Жуков утверждал, что чувствовал угрозу для себя после снятия с должности начальника Генштаба. Но в это трудно поверить. Сталин не только сохранил ему жизнь и свободу, но оставил членом Ставки и заместителем наркома обороны. Да, его назначили с понижением командующим Резервным фронтом, но это очень легкая немилость. Развязка этого эпизода позволяет нам утверждать, что с самого начала войны Жуков приобрел такое уважение вождя, каким не пользовался ни один другой военачальник. Жуков стал primus inter pares (первый среди равных (лат.). – Пер.) в генералитете Красной армии, человеком, сохранившим доверие верховной власти, – что было большой редкостью.

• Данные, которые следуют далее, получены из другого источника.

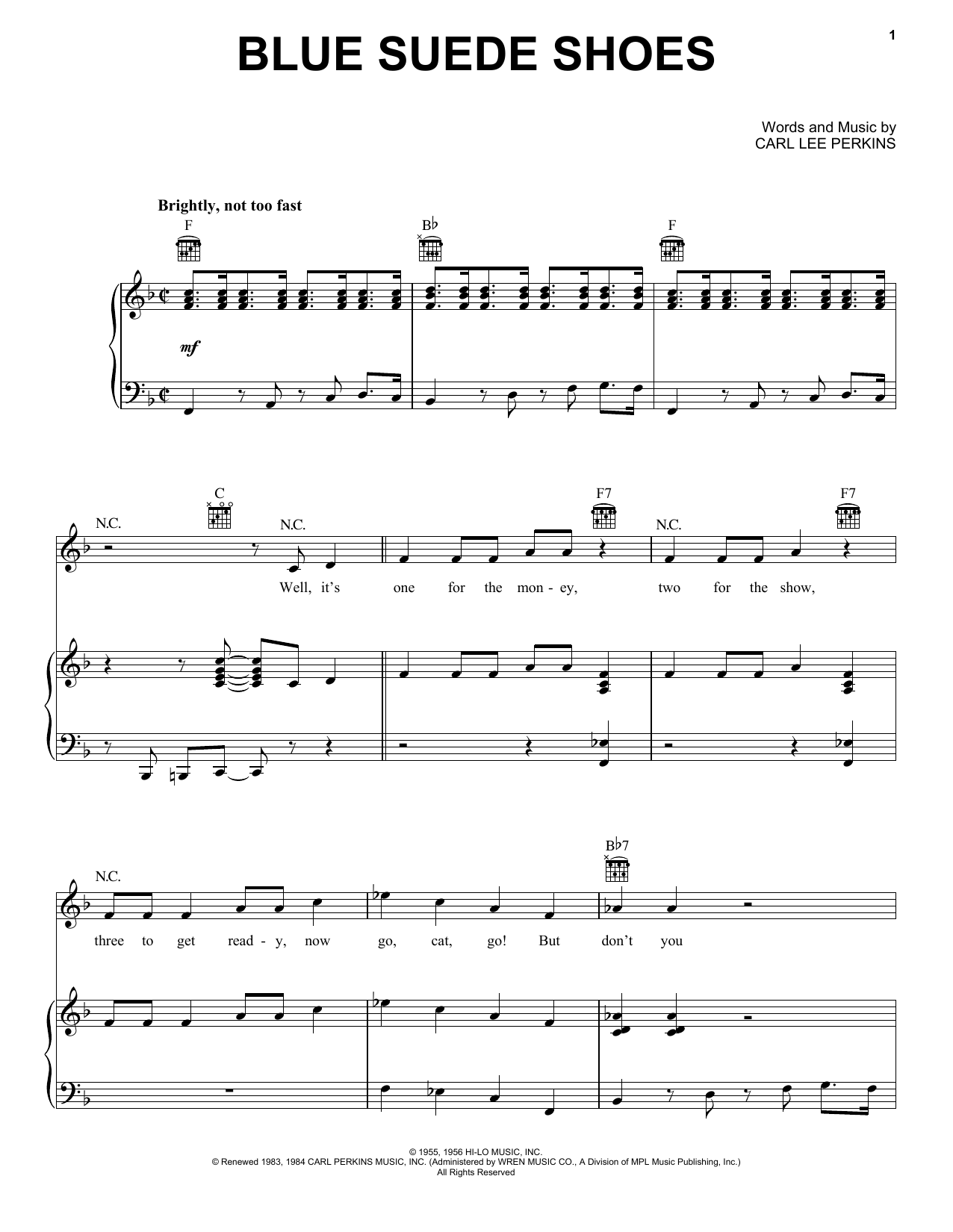 Elvis Presley Blue Suede Shoes Sheet Music Notes & Chords for Melody Line, Lyrics & Chords - Download or Print PDF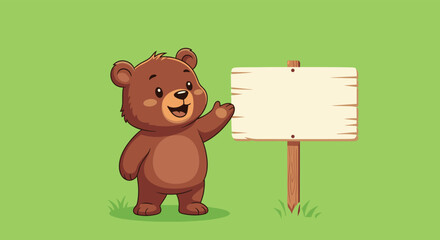 Fototapeta premium Friendly brown bear standing on grass and pointing towards a blank wooden sign for messages and advertisements in nature.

Однако, если Сталин считал, что Жуков может быть полезен на фронте, в Москве ему места не осталось. Сталин вернул на пост начальника Генштаба маршала Шапошникова, последнего военного специалиста, начинавшего службу еще в царской армии. В прозвучавшей 7 августа 1941 года радиопередаче на русском языке, созданной их пропагандистской службой, немцы в таких выражениях приветствовали его назначение: «Маршал Шапошников, вы единственный бывший царский офицер Генерального штаба, выживший после двадцати трех лет службы большевикам…» Заканчивалось обращение так: «Господин полковник, вы в первую очередь русский и только потом маршал. Вы не должны покинуть этот мир, нося постыдное советское звание. Теперь вы должны действовать». В свои 59 лет Борис Михайлович с радостью обошелся бы без этой новой чести. Его подводило здоровье. Он страдал от астмы и часто вынужден был ложиться. Его слабый характер усугублялся священным ужасом, внушаемым ему Сталиным, хотя тот обращался с ним очень вежливо, позволял во время приступов астмы ложиться на софу и признавал его способности как технического специалиста. Очевидно, вновь назначая его начальником Генштаба, Сталин намеревался поощрить то, что он сам называл «школой Шапошникова», лучшим представителем которой был Василевский. Будучи на год старше Жукова, Василевский, после его назначения начальником Оперативного управления Генштаба, стал одним из ближайших помощников Сталина. Вождь высоко ценил этого вежливого, спокойного и скромного человека, который, как он знал, испытывал страх из-за своего социального происхождения: сын священника, сам бывший семинарист, а затем штабс-капитан царской армии.